■ **Dataset excerpts**
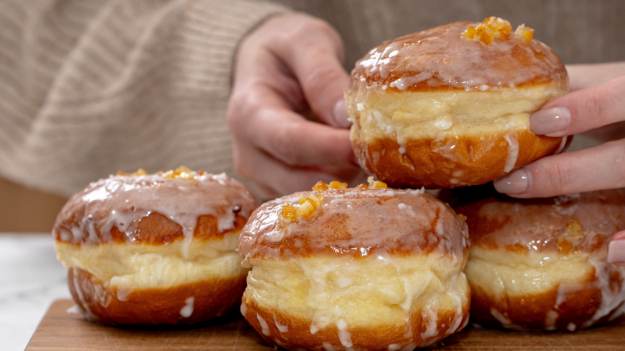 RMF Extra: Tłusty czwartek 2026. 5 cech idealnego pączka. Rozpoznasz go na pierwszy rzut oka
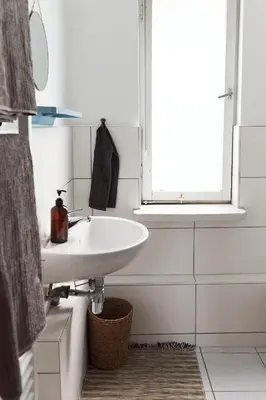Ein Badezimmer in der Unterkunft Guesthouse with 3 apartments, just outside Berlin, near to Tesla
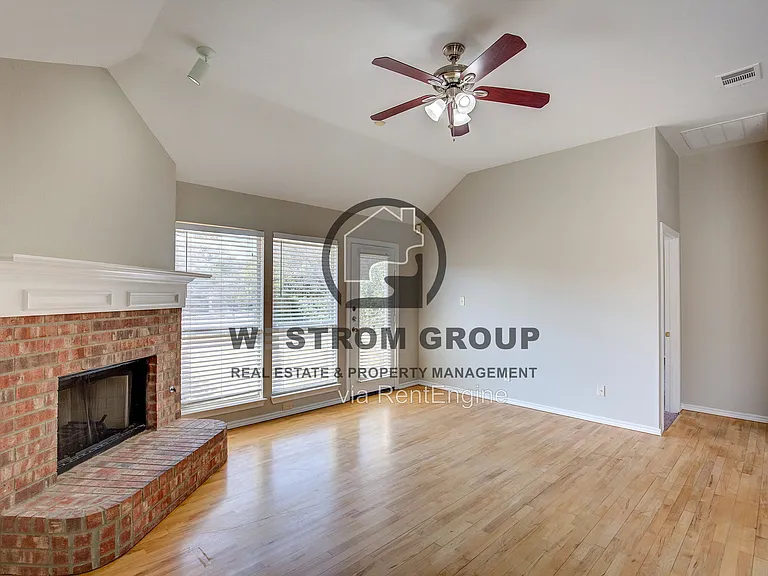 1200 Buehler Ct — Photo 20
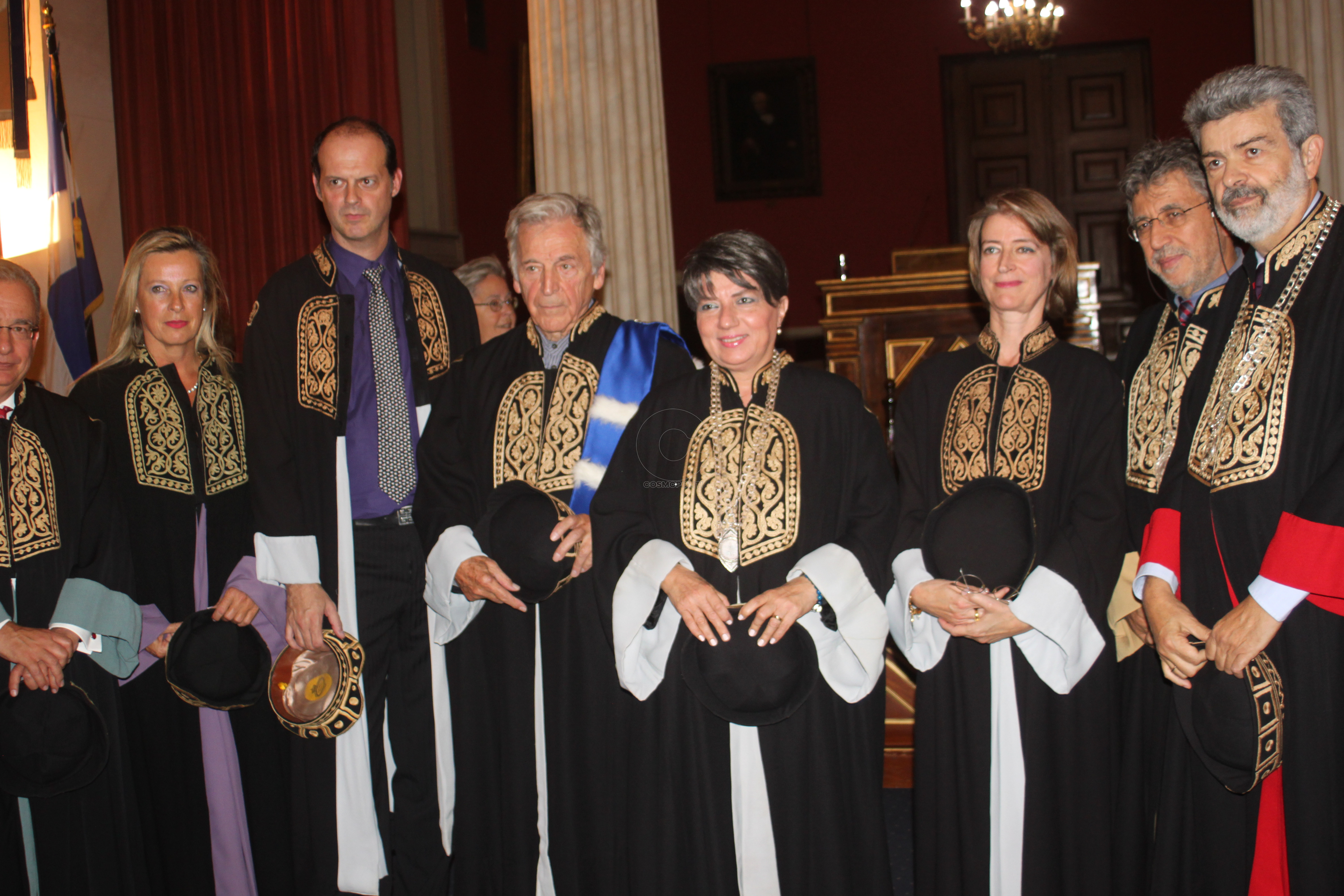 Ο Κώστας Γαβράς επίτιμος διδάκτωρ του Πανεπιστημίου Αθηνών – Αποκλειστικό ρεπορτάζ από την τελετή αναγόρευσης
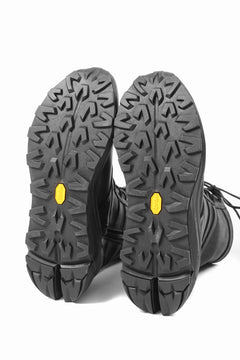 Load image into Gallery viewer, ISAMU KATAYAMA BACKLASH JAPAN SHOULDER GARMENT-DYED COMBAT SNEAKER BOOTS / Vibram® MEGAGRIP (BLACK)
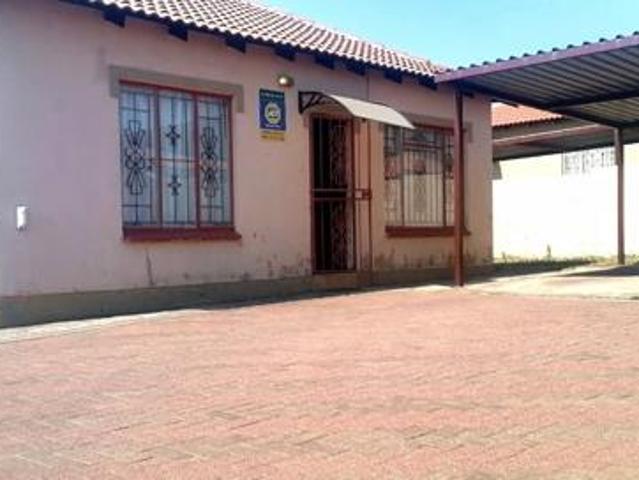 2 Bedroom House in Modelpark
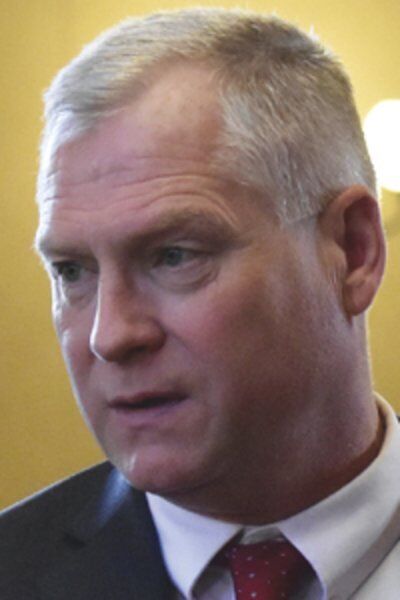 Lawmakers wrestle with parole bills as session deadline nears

■ **Your task**
Every entry above is to be printed again exactly, pictures omitted.

■ **Solution below**
 RMF Extra: Tłusty czwartek 2026. 5 cech idealnego pączka. Rozpoznasz go na pierwszy rzut oka
Ein Badezimmer in der Unterkunft Guesthouse with 3 apartments, just outside Berlin, near to Tesla
 1200 Buehler Ct — Photo 20
 Ο Κώστας Γαβράς επίτιμος διδάκτωρ του Πανεπιστημίου Αθηνών – Αποκλειστικό ρεπορτάζ από την τελετή αναγόρευσης
 Load image into Gallery viewer, ISAMU KATAYAMA BACKLASH JAPAN SHOULDER GARMENT-DYED COMBAT SNEAKER BOOTS / Vibram® MEGAGRIP (BLACK)
 2 Bedroom House in Modelpark
 Lawmakers wrestle with parole bills as session deadline nears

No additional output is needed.